*Exercise brief*.
Exactly the lines below from the one with "NORMA KAMALI Mid-Length" up to and including the one with "Budgie Mom Budgerigar" make up the answer, with nothing else added.

*Data to use*.
━━━━

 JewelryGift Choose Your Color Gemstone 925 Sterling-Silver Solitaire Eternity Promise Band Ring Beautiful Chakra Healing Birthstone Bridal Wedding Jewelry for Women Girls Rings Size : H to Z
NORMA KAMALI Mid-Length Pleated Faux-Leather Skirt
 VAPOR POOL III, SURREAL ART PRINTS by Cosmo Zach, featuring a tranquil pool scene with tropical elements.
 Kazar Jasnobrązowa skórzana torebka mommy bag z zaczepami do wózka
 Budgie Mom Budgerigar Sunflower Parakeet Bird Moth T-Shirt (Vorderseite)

━━━━

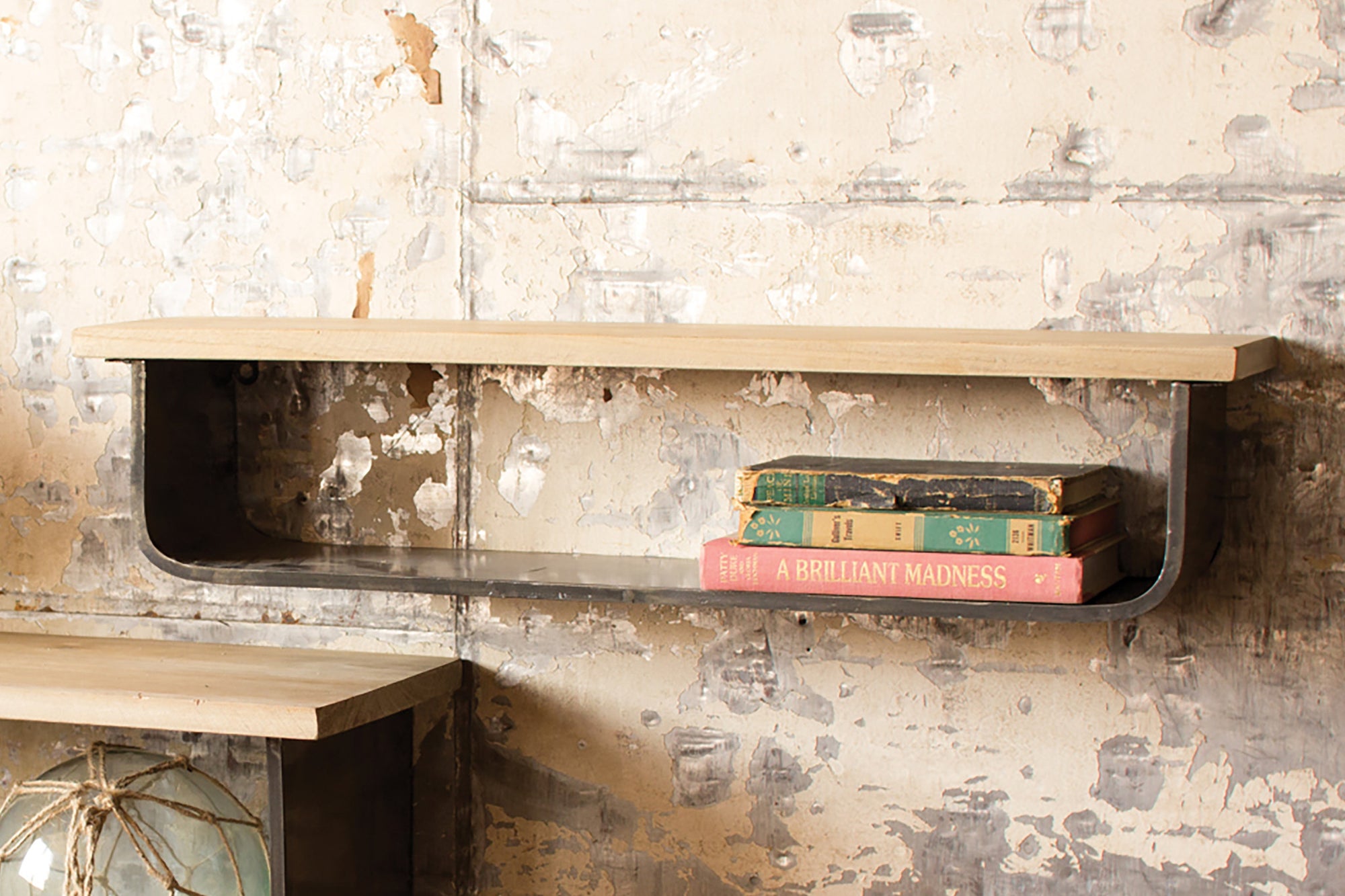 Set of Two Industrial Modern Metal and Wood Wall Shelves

━━━━

*The answer*.
NORMA KAMALI Mid-Length Pleated Faux-Leather Skirt
 VAPOR POOL III, SURREAL ART PRINTS by Cosmo Zach, featuring a tranquil pool scene with tropical elements.
 Kazar Jasnobrązowa skórzana torebka mommy bag z zaczepami do wózka
 Budgie Mom Budgerigar Sunflower Parakeet Bird Moth T-Shirt (Vorderseite)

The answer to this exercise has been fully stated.